Similarly, Section 71(1) of the AIF Law (Limited Partnerships) and Section 32(4) of the UCITS Law contain comparable language and, in line with the rationale outlined above, may also require amendment.
Conclusion
We are supportive of the Ministry’s proposals to fully exercise the available national discretions under the Amending Directive. The approach taken demonstrates a balanced commitment to market development, investor protection, and regulatory alignment with EU standards.
In particular, the proposed measures – allowing non-domestic depositaries, broadening the scope of top-up services, enabling consumer loan origination by AIFs, and expanding liquidity management tools—will enhance the flexibility and competitiveness of the Cyprus fund sector, while maintaining appropriate safeguards.
We encourage the Ministry and CySEC to issue interpretative and procedural guidance as part of the implementation process, and to maintain open engagement with industry stakeholders.
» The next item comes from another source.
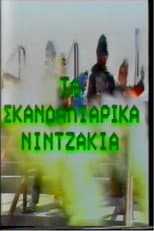 Poster for Ta Skandaliarika Ninjakia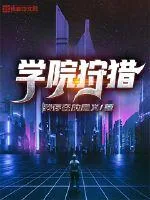 《学院狩猎》小说封面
We remain available to provide any further input or technical support that may be required.
[1] Public Consultation Feedback Statement issued on April 2025 by the Irish Department of Finance.
[2] Germany’s AIF law (KAGB) already forbids consumer lending by AIFs. The draft implementing law (FoMaStG-E) maintains this prohibition on loan origination and servicing to consumers in Germany, while allowing loans to consumers abroad. The FoMaStG is still under legislative review and not yet enacted. YPOG | Briefing | AIFMD 2.0 and the Fund Market Strengthening Act: What will change for venture capital and private equity funds in Germany?
[3] “AIFs de facto are not authorised to grant loans in France (except in specific cases that constitute exemptions to the French banking monopoly” as per Comparisons | Global Practice Guides | Chambers and Partners
[4] Dutch law requires a credit license to lend to consumers, and in practice, the Financial Markets Authority (AFM) does not permit AIFMs to make consumer loans. A briefing from a leading law firm ( Examining AIFMD II) notes that AIFMs “may grant loans to parties that do not qualify as ‘consumers’ under Dutch law,” and explicitly states that “the Dutch AFM… does not allow AIFMs to grant loans to consumers because this is considered by the AFM a non-permissible activity.
[5] Iosco Final Report (recommendation 6) on Revised Recommendations for Liquidity Risk Management for Collective Investment Schemes (“CIS”), and its Implementation Guidance (section V) published on 26 May 2025.